Outcome: Re-offending is Reduced

What the Department is seeking to achieve

The Department improves public safety by reducing re-offending. Reducing re-offending occurs when offenders previously under the control or supervision of the Department go on to live an offence-free life. The number of overall offences and people returning to the corrections system will decrease and, in particular, we will see Mâori re-offending rates reducing significantly.

The Department is effective in reducing re-offending when it helps offenders to recognise and address the causes of their offending. The Department will help offenders to build positive lifestyles by giving them skills to:

  • develop offence-free lifestyles
  • overcome drug and alcohol problems
  • overcome propensities for violence
  • maintain a positive sense of their identity and abilities
  • find stable employment and accommodation
  • build strong pro-social relationships within their family, whânau and community.

What the Department will do to achieve this outcome

What motivates the Department’s staff is the opportunities they have to turn offenders’ lives around. Every interaction staff have with an offender is an opportunity to have a positive influence.

The Department manages offenders in an integrated way that applies across all sentence types, lengths and locations. When offenders are convicted of a crime, they are assessed for their risk of re-offending and their rehabilitative needs. These assessments help judges in their sentencing decisions. They are also used to decide which services the Department can offer to help offenders to address the causes of their offending.
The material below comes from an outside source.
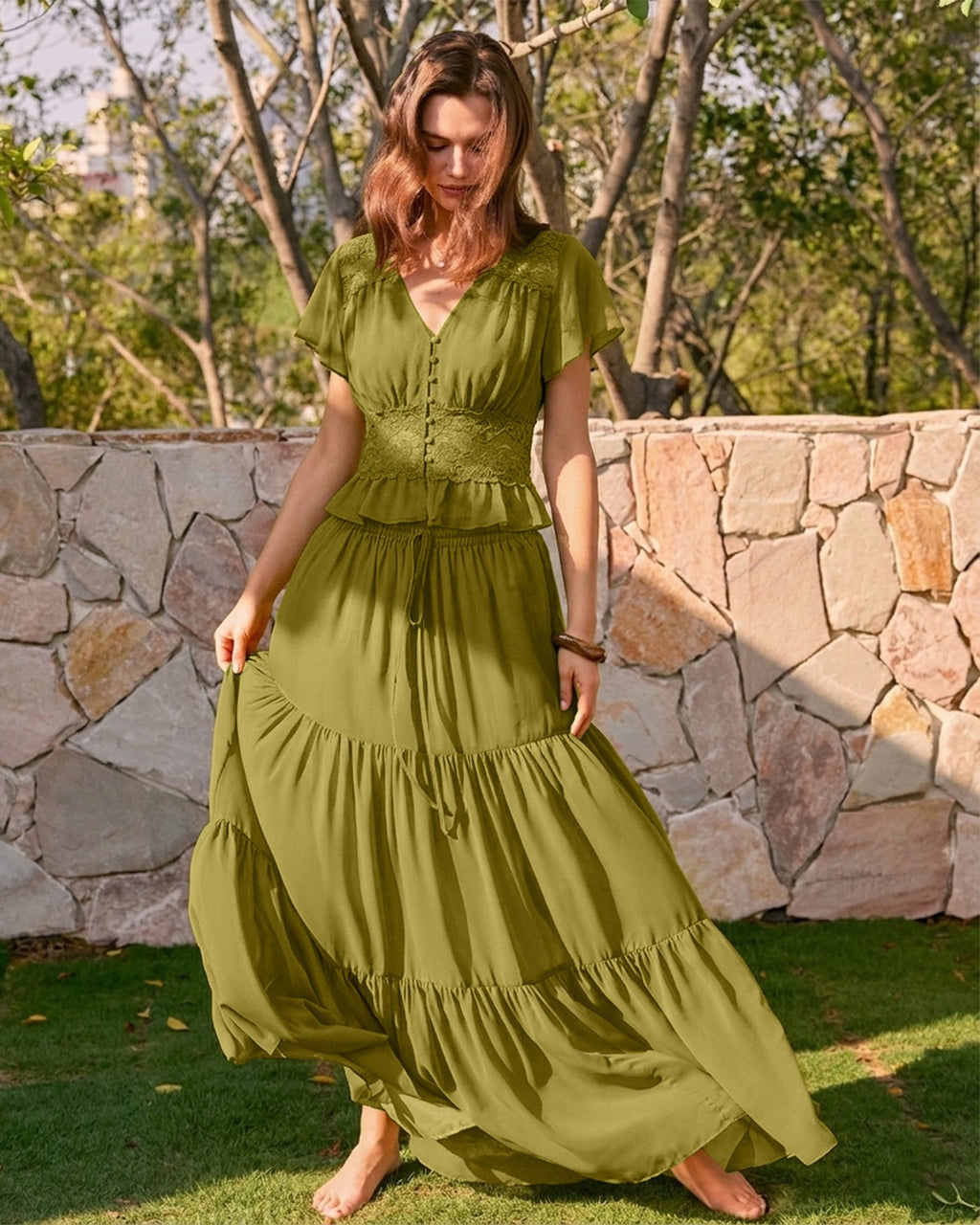 Green V Neck Ruched Blouse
Rehabilitative programmes are targeted toward offenders who are most likely to benefit – those who are otherwise likely to offend and who have expressed a willingness to address factors that led to their offending. The Department delivers a range of rehabilitative programmes and activities that target the causes of offending.

Departmental rehabilitation programmes available to offenders in prison and the community include the Medium Intensity Rehabilitation Programme, men’s and women’s Short Rehabilitation Programmes and the Short Motivational Programme. The Maintenance Programme is available to offenders in the community who have already completed an offence-focused rehabilitation programme.
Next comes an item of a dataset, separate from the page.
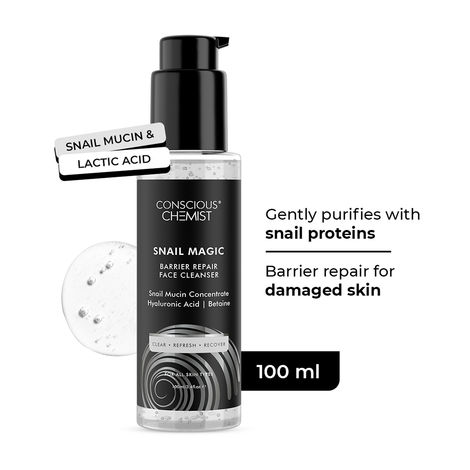 Buy Conscious Chemist Snail Magic Barrier Repair Face Cleanser | 100 ml | Cleanser for Face for Women & Men, Low pH Gel with Korean Snail Mucin Concentrate, Hyaluronic Acid & Betaine, All Skin Types - Snail Magic-Purplle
The Department operates a number of special focus units at prisons to address specific rehabilitation needs of prisoners. These include Mâori Focus Units, a Pacific Focus Unit, Drug Treatment Units, Sex Offender Treatment Units, Special Treatment Units, Violence Prevention Units, Self Care Units, Young Offender Units, Reintegration Units, and a Faith-based Unit.

Reintegrative programmes and activities support offenders by providing them with education, experience and support to help them transition back into the community.

Offenders who are usefully employed are less likely to commit crime. Many offenders, however, lack the educational qualifications and/or the occupational skills required to find work. By assisting offenders to gain work skills and qualifications, the Department helps offenders to find work on release. The Department’s Prisoner Employment Strategy 2009–12 (PDF: 4.7MB) has the goal of providing more prisoners with meaningful work and training to help them find work on release.

Lack of accommodation, unemployment, financial problems, and lack of social support are examples of common problems faced by offenders in the community. Helping offenders to resolve these problems – especially amongst released offenders – is important to reducing their risk of re-offending. The Department provides activities and programmes to help offenders reintegrate into society after completing their sentences.

Mâori and Pacific offenders have a disproportionately high level of representation at all stages of the criminal justice process. The Department’s Mâori Strategic Plan 2008–13 and Pacific Strategic Plan 2008–13 outline the ways the Department will work, and the programmes and services in place, to specifically target Mâori and Pacific offenders’ rehabilitative and reintegrative needs. The Department also seeks advice on how to be more effective for Mâori and Pacific offenders through the Chief Executive’s Mâori and Pacific Advisory Groups, and through working closely with local iwi to deliver services in ways that work best for Mâori.

As with all outcomes, the Department works with other agencies and community groups to meet the challenge of reducing re-offending. In particular, the Department works closely with:

  • the Ministry of Social Development to report and address child abuse and to manage sexual and violent offenders
  • the New Zealand Police, the Ministry of Social Development and Housing New Zealand who are parties to the Agreement for Sharing Information on Child Sex Offenders. Under this agreement, the agencies work together to monitor child-sex offenders' compliance with release conditions, manage the risk posed by such offenders, and facilitate their safe reintegration into the community once released
  • the Ministry of Social Development on employment case management and broker services to prisoners
  • the New Zealand Police to address family violence, such as the Family Safety Team Project
  • a number of agencies on the Combined Law Agency Group to share information and resources to combat organised crime in New Zealand
  • NZ Prisoners’ Aid and Rehabilitation Society (NZPARS) to contribute to a reduction in re-offending by assisting offenders (and their family/whânau) to address practical problems as they reintegrate back into the community or into home detention following their release from prison.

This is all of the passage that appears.